## [GOAL OF THE EXERCISE]
Return the lines beginning at the one that contains "House in Upper Basildon, Basildon - View 2" and running to the end of the records, exactly and with nothing else. Omit pictures.

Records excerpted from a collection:

◆ ◆ ◆

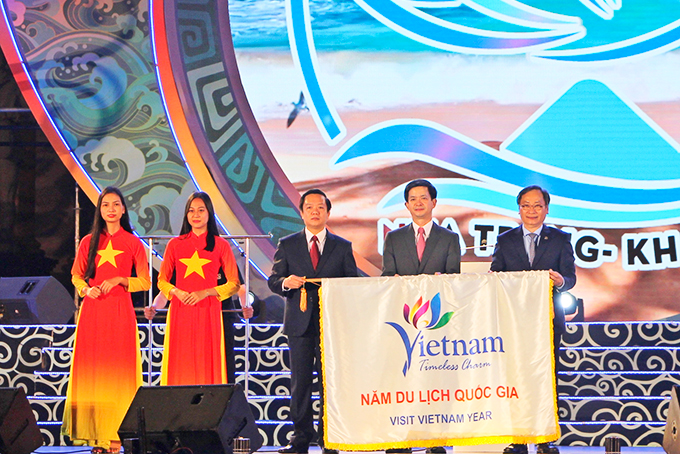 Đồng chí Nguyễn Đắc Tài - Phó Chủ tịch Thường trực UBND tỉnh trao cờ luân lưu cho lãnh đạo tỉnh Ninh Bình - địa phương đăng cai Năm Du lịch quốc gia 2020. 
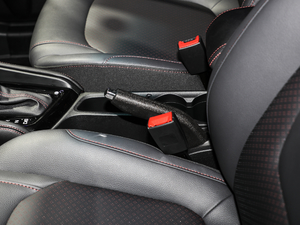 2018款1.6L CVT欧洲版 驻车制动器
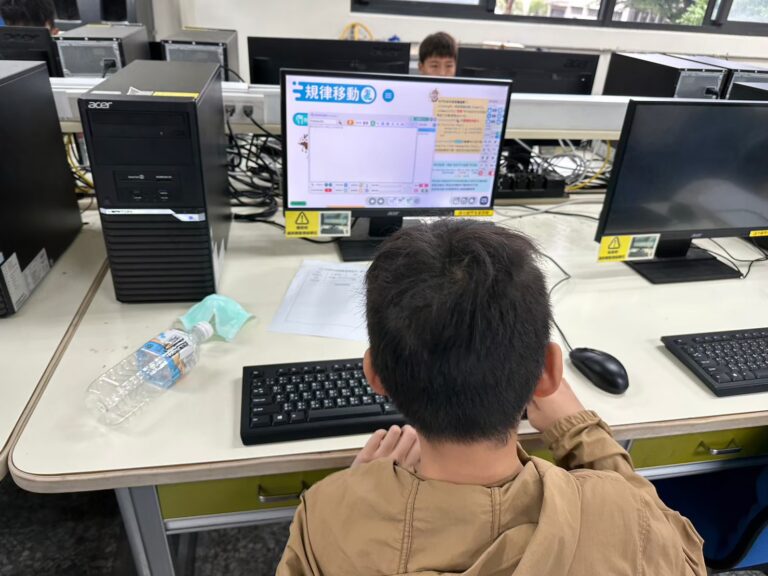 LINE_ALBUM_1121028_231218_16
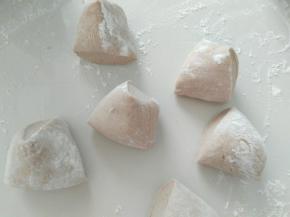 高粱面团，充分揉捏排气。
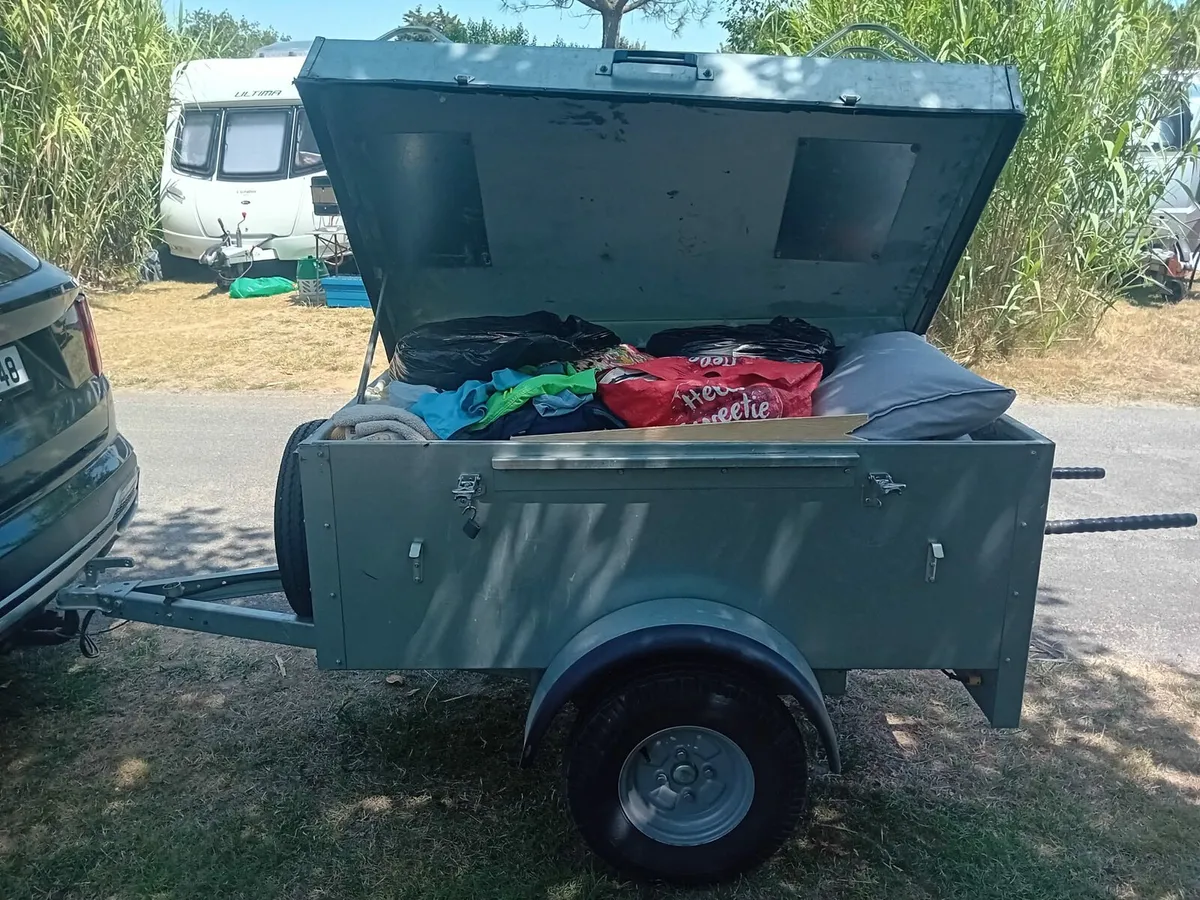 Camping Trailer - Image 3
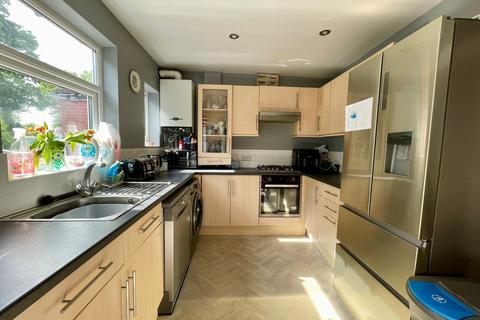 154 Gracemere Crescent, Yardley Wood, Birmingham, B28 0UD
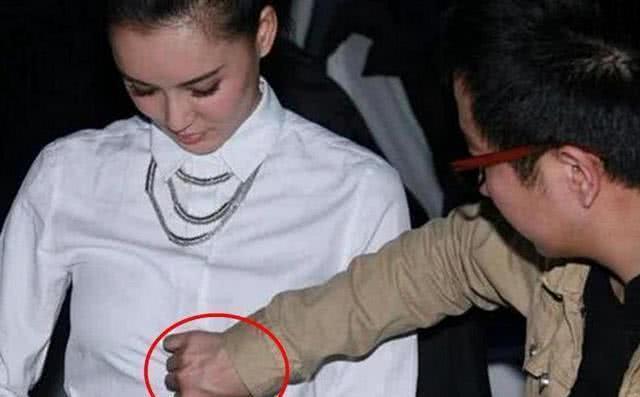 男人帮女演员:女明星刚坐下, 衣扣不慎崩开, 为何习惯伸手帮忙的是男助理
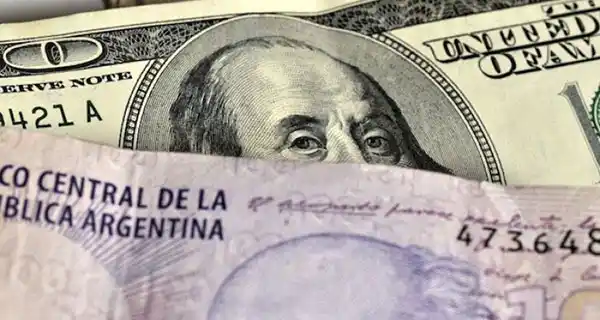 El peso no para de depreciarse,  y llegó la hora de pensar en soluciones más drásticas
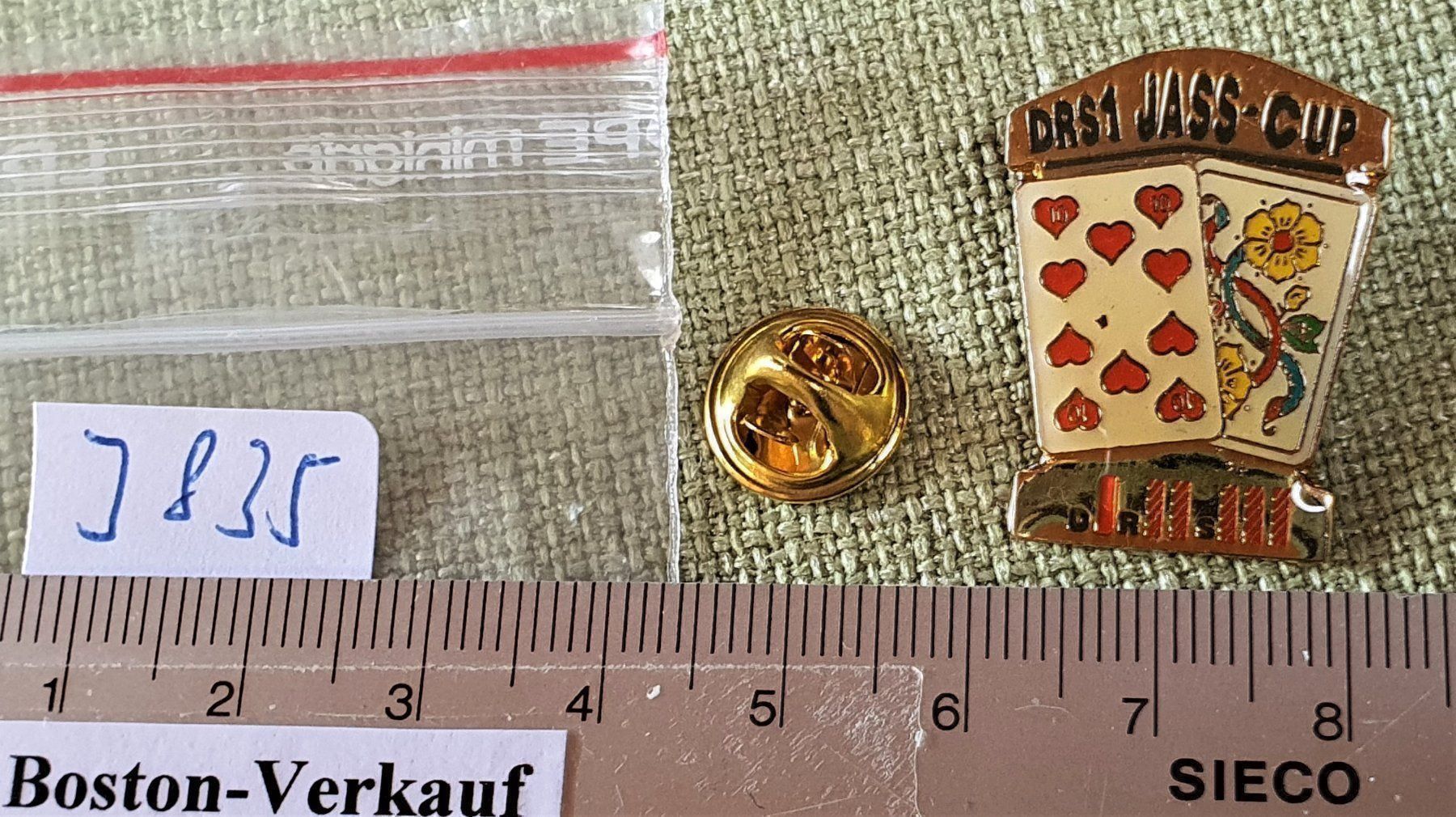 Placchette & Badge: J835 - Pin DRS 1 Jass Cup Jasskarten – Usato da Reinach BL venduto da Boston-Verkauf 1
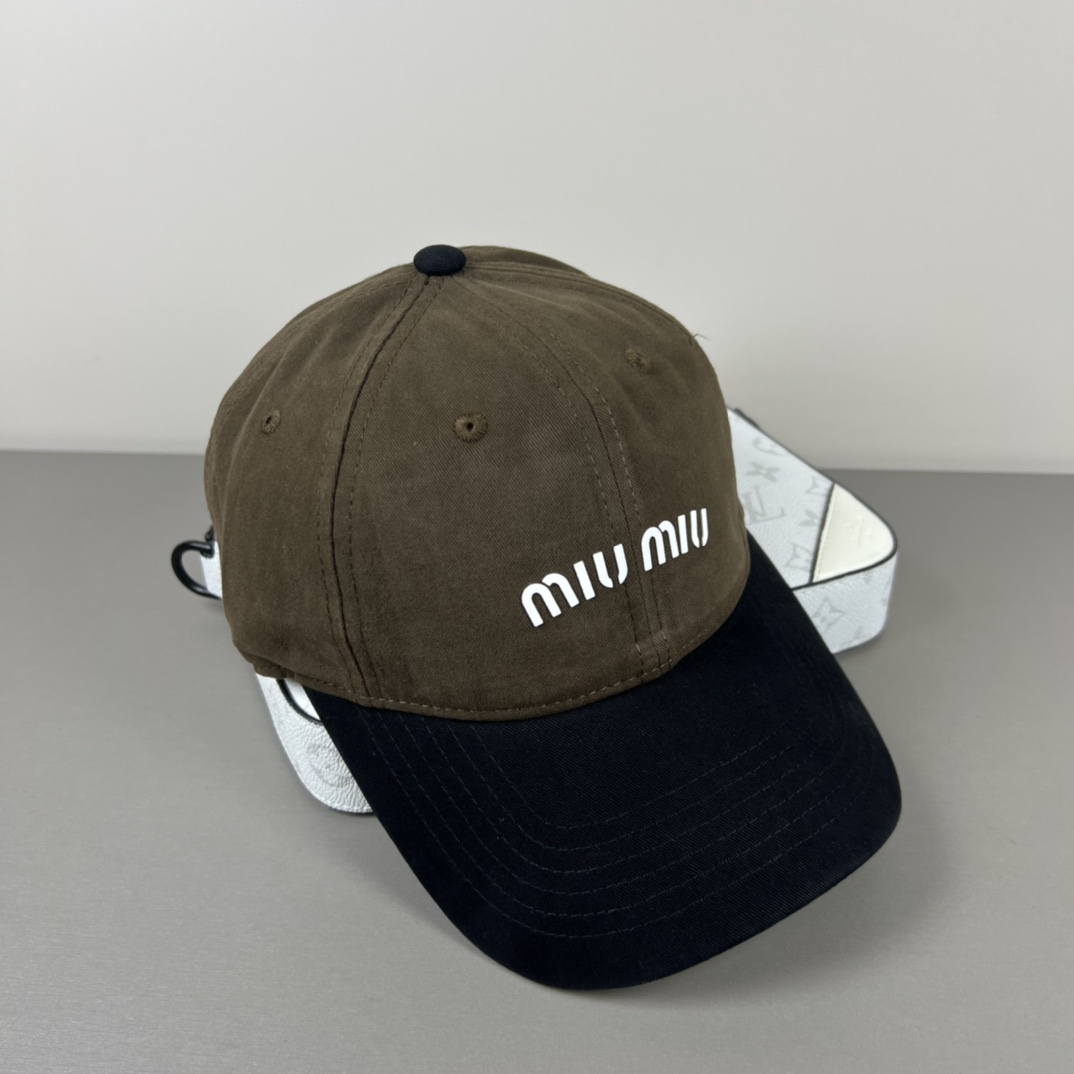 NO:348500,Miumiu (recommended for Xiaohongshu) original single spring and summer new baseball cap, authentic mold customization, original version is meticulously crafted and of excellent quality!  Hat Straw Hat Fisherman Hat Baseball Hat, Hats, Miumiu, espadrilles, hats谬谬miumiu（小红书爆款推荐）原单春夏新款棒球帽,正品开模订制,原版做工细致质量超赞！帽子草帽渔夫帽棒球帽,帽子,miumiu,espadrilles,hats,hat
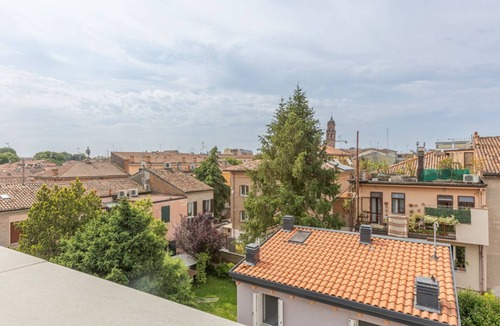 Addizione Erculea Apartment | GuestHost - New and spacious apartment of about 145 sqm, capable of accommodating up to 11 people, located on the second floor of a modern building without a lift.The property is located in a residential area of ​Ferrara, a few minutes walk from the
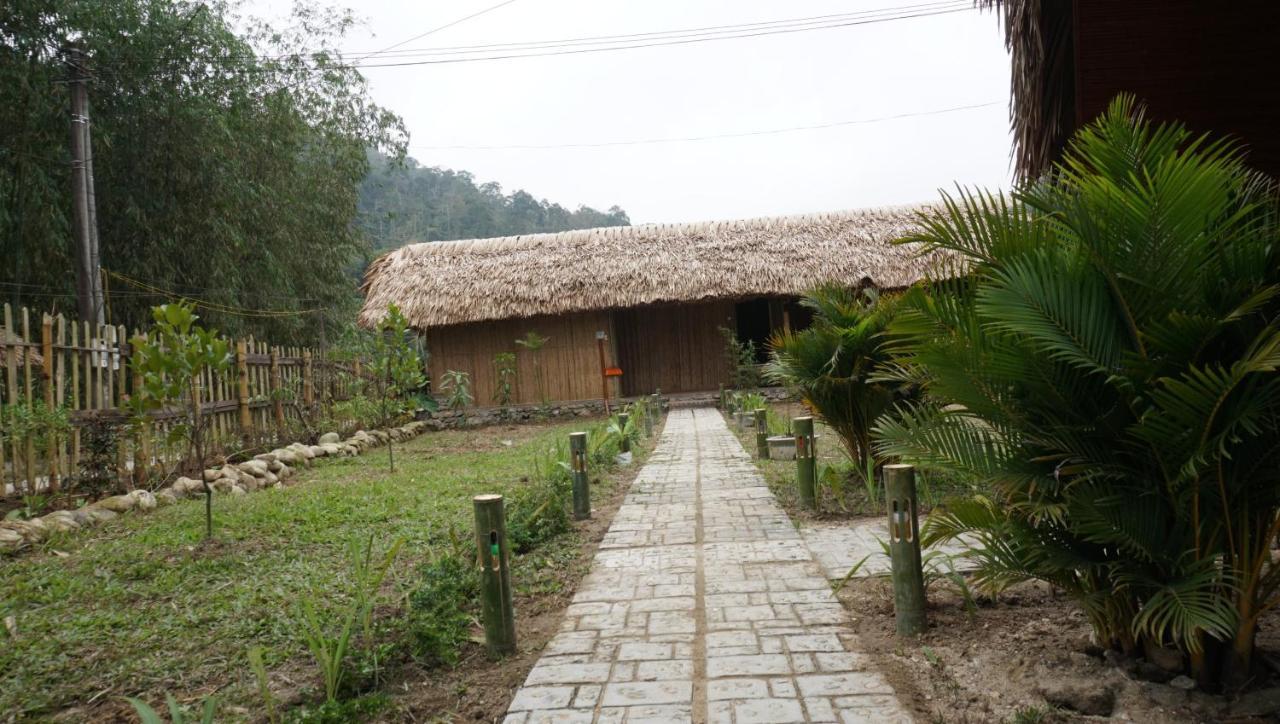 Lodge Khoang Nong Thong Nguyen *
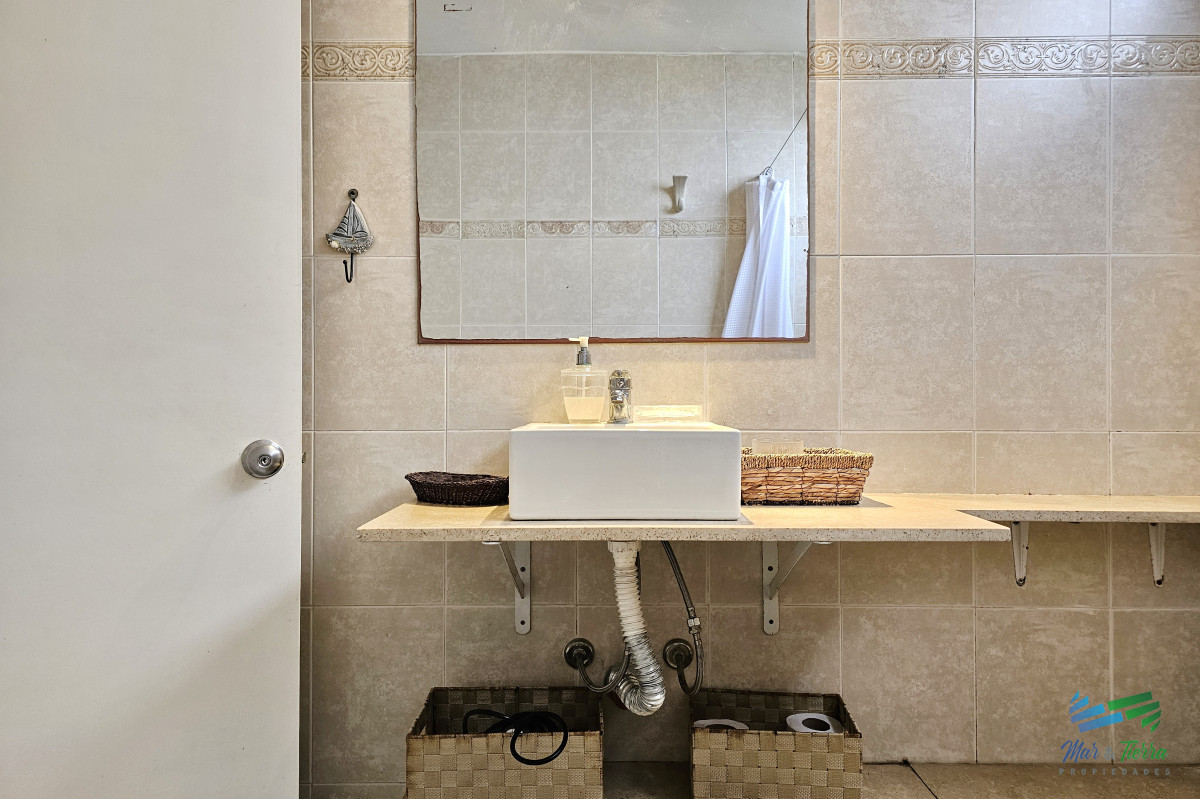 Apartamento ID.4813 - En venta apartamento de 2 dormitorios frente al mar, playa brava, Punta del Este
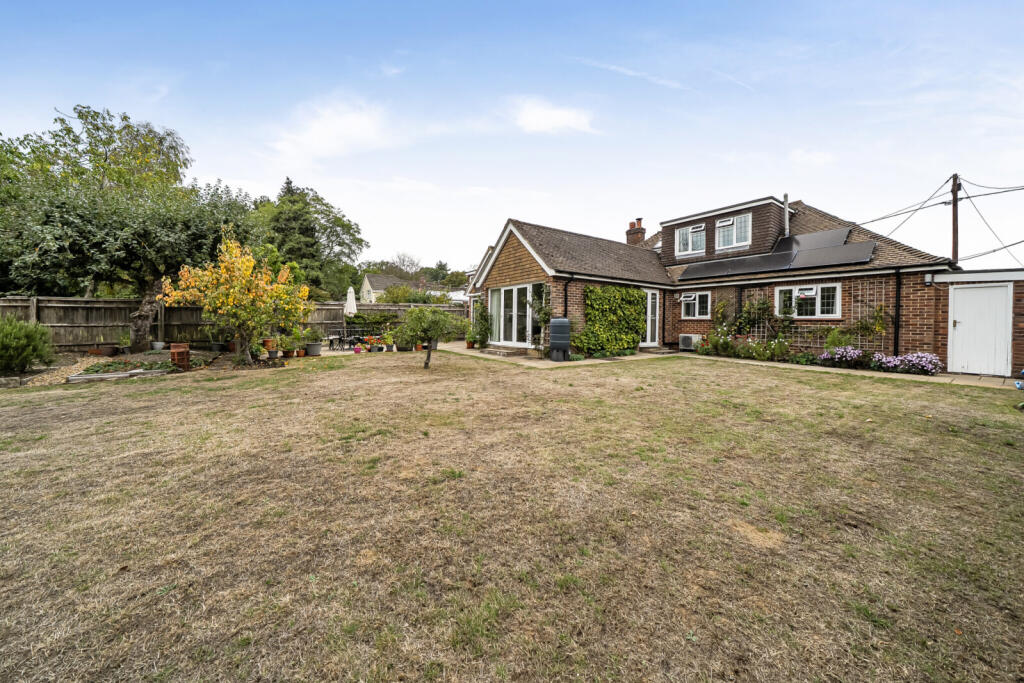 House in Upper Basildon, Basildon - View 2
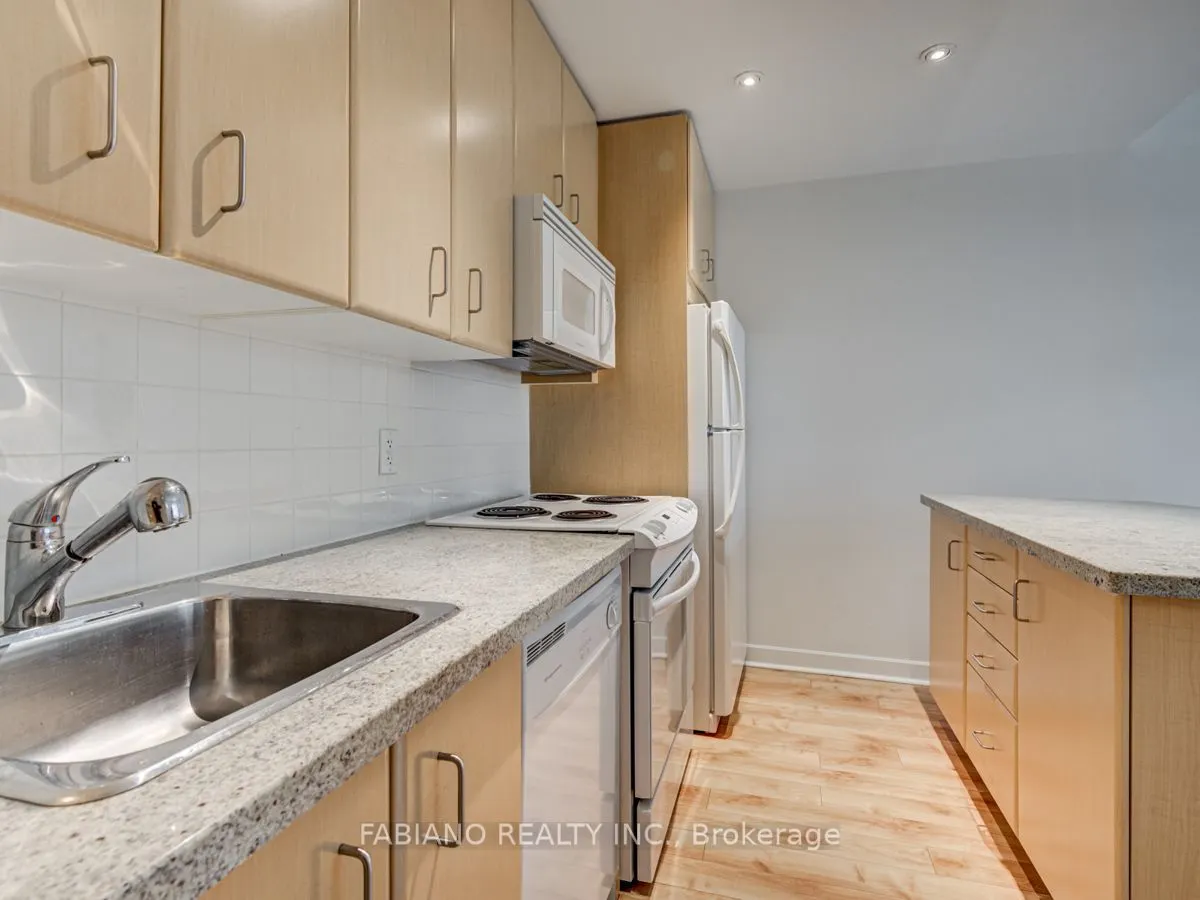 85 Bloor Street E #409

◆ ◆ ◆

## [WRITTEN RESPONSE]
 House in Upper Basildon, Basildon - View 2
 85 Bloor Street E #409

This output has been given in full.